Personal information
- Full name: William Thomas Victor Banks
- Born: 9 February 1889 Willesborough, Kent, England
- Died: 12 October 1972 (aged 83) Napier, New Zealand

Playing information
- Position: Forward
Club
| Years | Team | Pld | T | G | FG | P |
| 1912 | Kia Ora | 6 |  |  |  |  |
Representative
| Years | Team | Pld | T | G | FG | P |
| 1912 | Hawke's Bay | 1 | 0 | 0 | 0 | 0 |
| 1914 | New Zealand | 1 | 1 | 0 | 0 | 3 |

= Vic Banks =

New Zealand international rugby league footballer

William Thomas Victor Banks (9 February 1889 – 12 October 1972) was a New Zealand professional rugby league footballer who played in the 1910s.
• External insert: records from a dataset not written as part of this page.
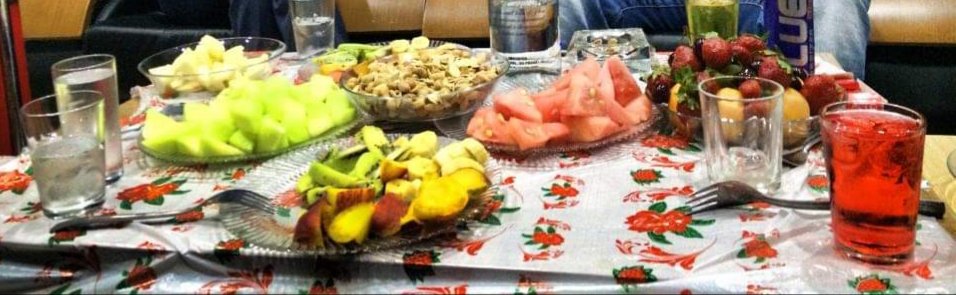 Birazda absolute  içelim 
Hap içme absolute  iç emin ol aynı koparir 😉😉👍🤪😋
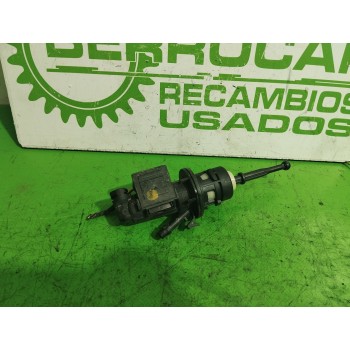 Recambio de bomba embrague para volkswagen golf v berlina (1k1) 1.9 tdi referencia OEM IAM 1K0721388  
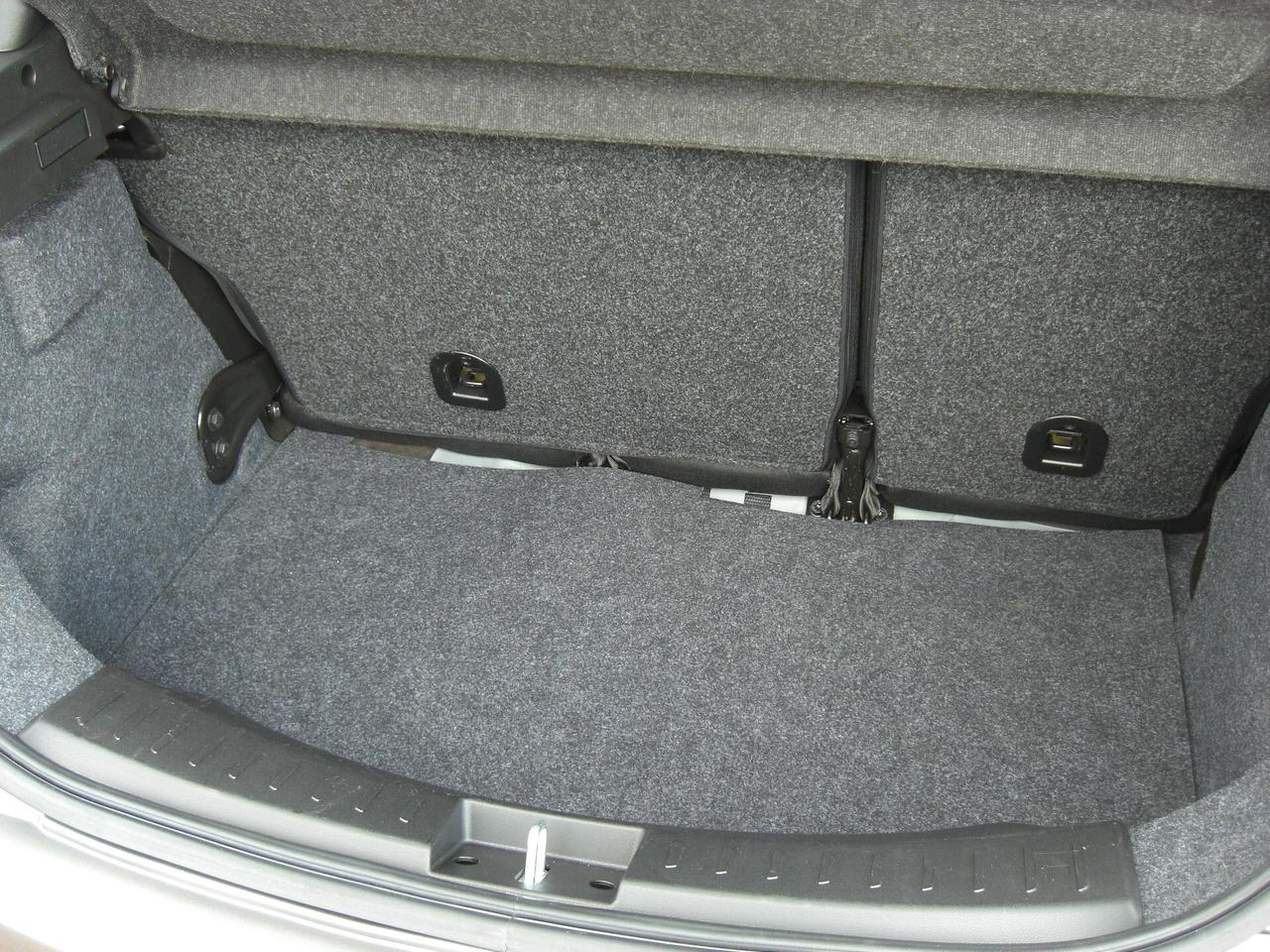 Lancia Ypsilon 1.0 FireFly 5 porte S&S Hybrid Platino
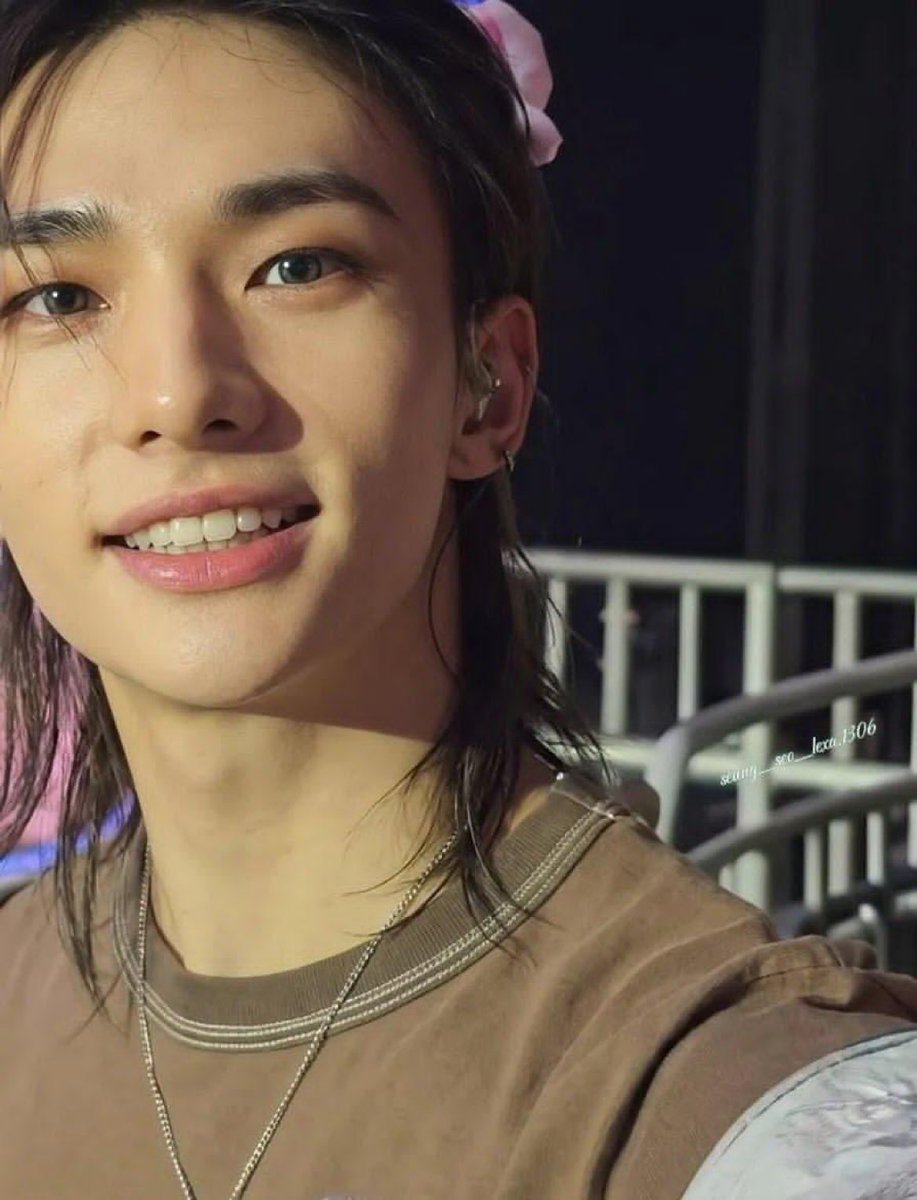 ⋆. 𐙚˚࿔∂αท𝜗𝜚˚⋆ misses skz tweet media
He played at representative level for New Zealand, and Hawke's Bay, as a forward.

==Playing career==
===Kia Ora club and Hawke's Bay===
Banks debuted for the Kia Ora club in 1914. He was selected at the end of the season for the Hawke's Bay team to play Canterbury which they lost 10-8.

===International honours===
Banks represented New Zealand in 1914 against Great Britain on 1 August. He played in the second row and scored a try in a 16-13 loss at the Auckland Domain before a crowd of 15,000.